Gabriele Manoli, the corresponding author of the study and a tenure-track assistant professor at EPFL, emphasizes that the study goes beyond the perception of people feeling too hot in the summer and sheds light on the broader health implications. 

The study’s interdisciplinary approach involves integrating data and methods from various fields such as urban climatology, epidemiology, economics, statistics, and mathematical modeling. By combining insights from these diverse disciplines, the researchers aimed to provide tangible economic figures to quantify the impact of urban heat islands on health. The goal was to offer city planners and policymakers a comprehensive understanding of the risks associated with heat islands, allowing for informed decision-making in urban planning and climate mitigation strategies. 

The research is groundbreaking in its examination of urban heat islands across different cities and seasons. It considers both the detrimental effects of heat islands in the summer and the protective aspects they exhibit during winter. The study estimates temperature-related risks for each city and translates them into health costs, considering the net annual effect. Importantly, it addresses the lack of research on the economic impact of urban heat risk and the role of heat islands in winter, offering valuable insights. 

The findings reveal that the threats posed by urban heat islands vary across different cities and seasons. For instance, while the urban heat island of Geneva can lead to four additional heat-related deaths per 100,000 residents per year, it simultaneously prevents 3.4 cold-related deaths.

The study calculates both the costs associated with heat-related effects and the savings attributed to the protective impact of heat islands during cold snaps.
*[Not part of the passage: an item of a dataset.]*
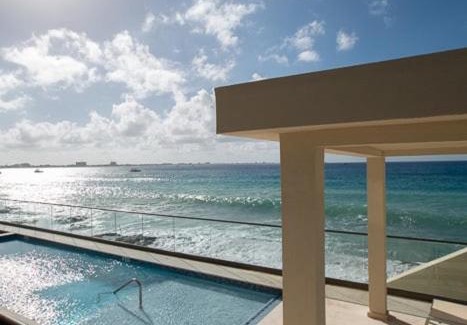Northwest Point Wohnung | Oceanfront with 7 mile beach views, Ground-Floor, Pool, Sleeps 6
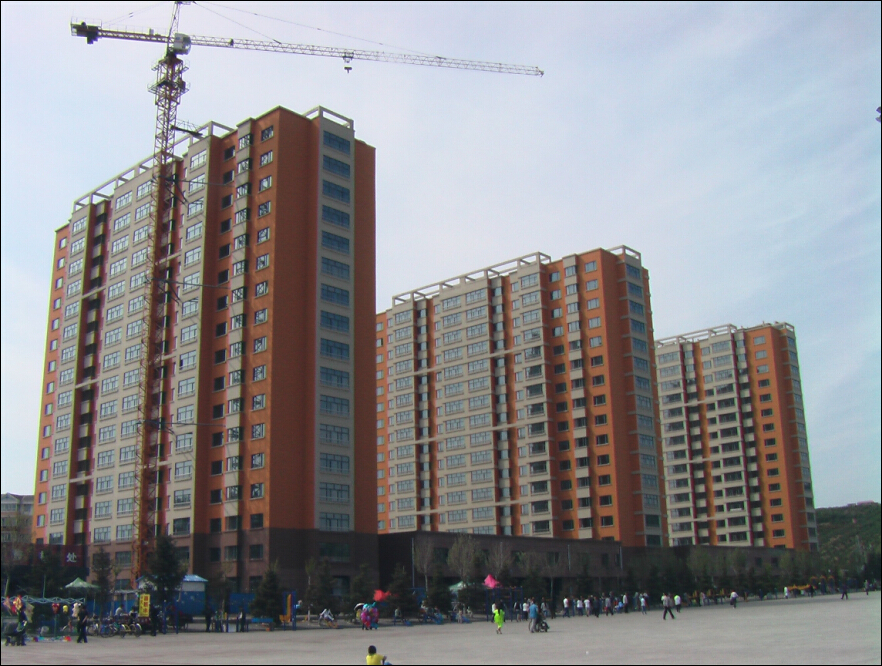 5.施工中的福缘名邸工程.JPG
The net annual effect, which considers both summer and winter effects, is a key metric in understanding the overall economic impact. 

Cities like Geneva, for example, experience a net cost of €20.7 per adult resident per year due to heat-island-induced mortality, factoring in costs related to heat risk and savings attributed to cold weather protection. On the other hand, some European cities exhibit a negative net cost, indicating savings due to the protection provided by heat islands over extended cold seasons. Helsinki, for instance, shows a net savings of €113.9. 

However, the study’s authors caution against complacency, emphasizing that negative net costs in certain cities should not overshadow the severe health impacts of extreme heat in the summer, which are expected to worsen in the future. They stress the need for continued research to refine cost estimates and explore the complex relationships among heat islands, social inequality, and transportation patterns. 

The EPFL-led study not only quantifies the economic consequences of urban heat islands on human health but also underscores the nuanced variations across cities and seasons. By providing concrete information, the research aims to guide urban policymakers in addressing heat-related risks while balancing the protective benefits offered by heat islands during colder periods. 

Journal Reference  

Wan Ting Katty Huang et al, Economic valuation of temperature-related mortality attributed to urban heat islands in European cities, Nature Communications (2023). DOI: 10.1038/s41467-023-43135-z.